この値動きは、上場にあたってUber株を引き受けた証券会社がいっせいにポジティブな見通しを流し始めたことによる。インサイダー取引防止規定により、こうした証券会社は四半期終了前の4週間は意見の公表を禁じられていた。四半期決算の発表によってこの禁止が外れた証券会社はUber株について一斉に「買い」をシグナルした。
Uberは5月の上場で81億ドル(8800億円)を調達し、時価総額70億ドル(7600億円)前後を達成したものの、上場としては失敗だったと見る意見が強かった。上場初日の株価は売出し価格から大きくアップするのが普通なのに、売出し価格を下回って42ドルに下落したからだ。Uberは創立後10年間でベンチャーキャピタルから巨額の資金を調達しており、上場直前の会社評価額は72億ドル(7800億円)だった。
ただし上場後4週間の値動きは比較的安定しており、40ドルから43ドルの間を往復していた。
Uberについての最初の業績見通しは著名なアナリスト、Raymond James Financialのジャスティン・パターソン氏によるもので、Uber を「オフライン・アプリの時代のリーダー」として高く評価し、予想価格を50ドルに設定した。CNBCによれば、パターソンはこう述べている。
他の伝統的企業とは対照的に、Uberはデジタルアプリで人々のオフラインの行動に大きな変化をもたらしている。これには当初膨大な資金を必要とするが、長期的にみればこのコストは容認しうるものだ。
Uberが先週発表した初の四半期決算では、2019年第1四半期に31億ドルの収入があったが、10億ドルの損失を出していたことが判明した。この数字はおおむね予想どおりで、アナリストは1株あたり調整済み純損失は0.76ドルと計算した。UberのCEOであるダラ・コスロウシャヒ氏は四半期決算に対して次のようにコメントした。

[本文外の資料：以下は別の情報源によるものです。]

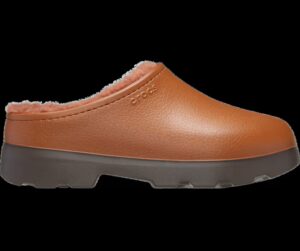 Crocs — Dylan Lined Clog 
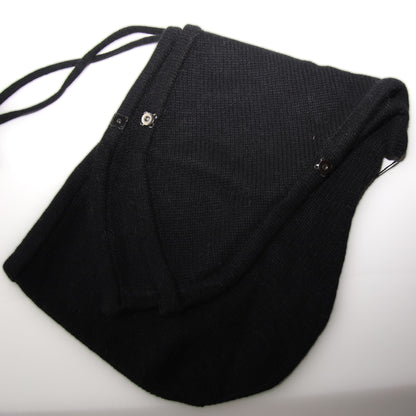 Tenerife-huppu, musta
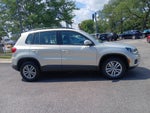 2015 Volkswagen Tiguan S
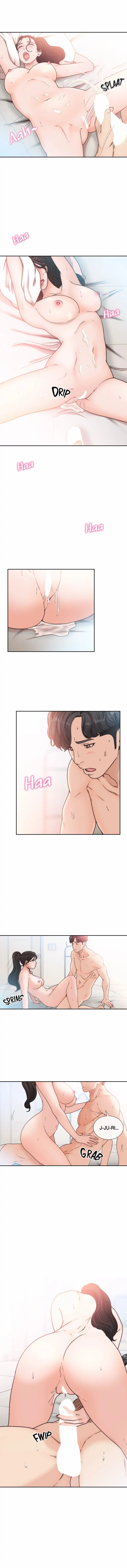 Ex–Girlfriend Chapter 14 page 7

今月始めに我々は株式上場という重要な一歩を踏み出した。今後は地域内の移動と配送のためのワンストップサービスを目指すというビジョンの実現に全力を挙げていく。第1四半期におけるユーザーのUber利用はすべての分野で予想を上回り、平均して1日あたり1700万回に上っている。粗収入を通年換算すると590億ドルに相当する。